The next day at school, Nancy, George, and Bess welcome Helen into their circle of friends, and together they plan their next adventure at the Lilac Inn.

==Cast==
- Sophia Lillis as Nancy Drew
- Zoe Renee as George Fayne
- Mackenzie Graham as Bess Marvin
- Laura Slade Wiggins as Helen Corning
- Sam Trammell as Carson Drew
- Linda Lavin as Flora
- Andrea Anders as Hannah Gruen
- Jesse C. Boyd as Willie Wharton
- Jay DeVon Johnson as Sheriff Marchbanks
- Andrew Matthew Welch as Deputy Patrick
- Jon Briddell as Nate
- Josh Daugherty as Mr. Barnes
- Evan Castelloe as Derek

==Production==
On April 20, 2018, it was reported that Sophia Lillis would star in the film adaptation of Nancy Drew and the Hidden Staircase, which would be produced by Ellen DeGeneres, Jeff Kleeman, and Chip Diggins for Warner Bros. Pictures. Wendy S. Williams served as executive producer. In June, other casting was announced which included Zoe Renee as George, Mackenzie Graham as Bess, Laura Slade Wiggins as Helen, Sam Trammell as Carson, Linda Lavin as Flora, and Andrea Anders as Hannah, along with Jay DeVon Johnson, Andrew Matthew Welch, Jon Briddell, Josh Daugherty, Evan Castelloe, and Jesse C. Boyd. Principal photography on the film took place that same month in Monroe, Georgia.

===Music===
The score of the film was composed by Sherri Chung. Emily Bear composed and sings the songs "More than Just a Girl" and "Daylight".

==Release==
===Marketing===
On January 18, 2019, DeGeneres announced exclusively that the film would be released in theaters on March 15; she also debuted a trailer. On February 19, 2019, Warner Bros. Pictures released a short clip from the film. In addition, DeGeneres interviewed Lillis on her talk show to promote the film.

===Box office===
As of August 2020, Nancy Drew and the Hidden Staircase grossed $623,088 at the box office, and a further $322,939 with home video sales.

===Critical response===

On Rotten Tomatoes, the film has an approval rating of 76%, based on 25 reviews, with an average rating of . The website's consensus reads, "Elevated by a well-cast Sophia Lillis, Nancy Drew and the Hidden Staircase leads audiences into a genially entertaining new take on the venerable character." On Metacritic, the film has a score of 55 out of 100, based on reviews from 10 critics, indicating "mixed or average reviews".
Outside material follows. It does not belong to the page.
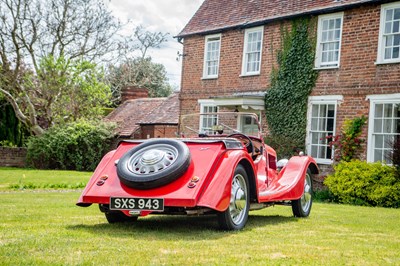 Lot 114 - 1947 Morgan 4/4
Peter Debruge of Variety praised the "consistently clever script" saying it "isn't nearly as interested in the mystery as it is in Nancy Drew herself, or in the circle of characters and relationships that surround her. And that’s the smart way to approach such a case, since the movie was clearly intended to be more than a one-off." He also praises Lillis for her performance and says she is "the freshest thing to happen to Nancy Drew in decades, making it clear that casting was the solution that has so often eluded this series in its jump from page to screen in the past."

===Accolades===
Nancy Drew and the Hidden Staircase was nominated for Best DVD or Blu-ray Release at the 45th Saturn Awards.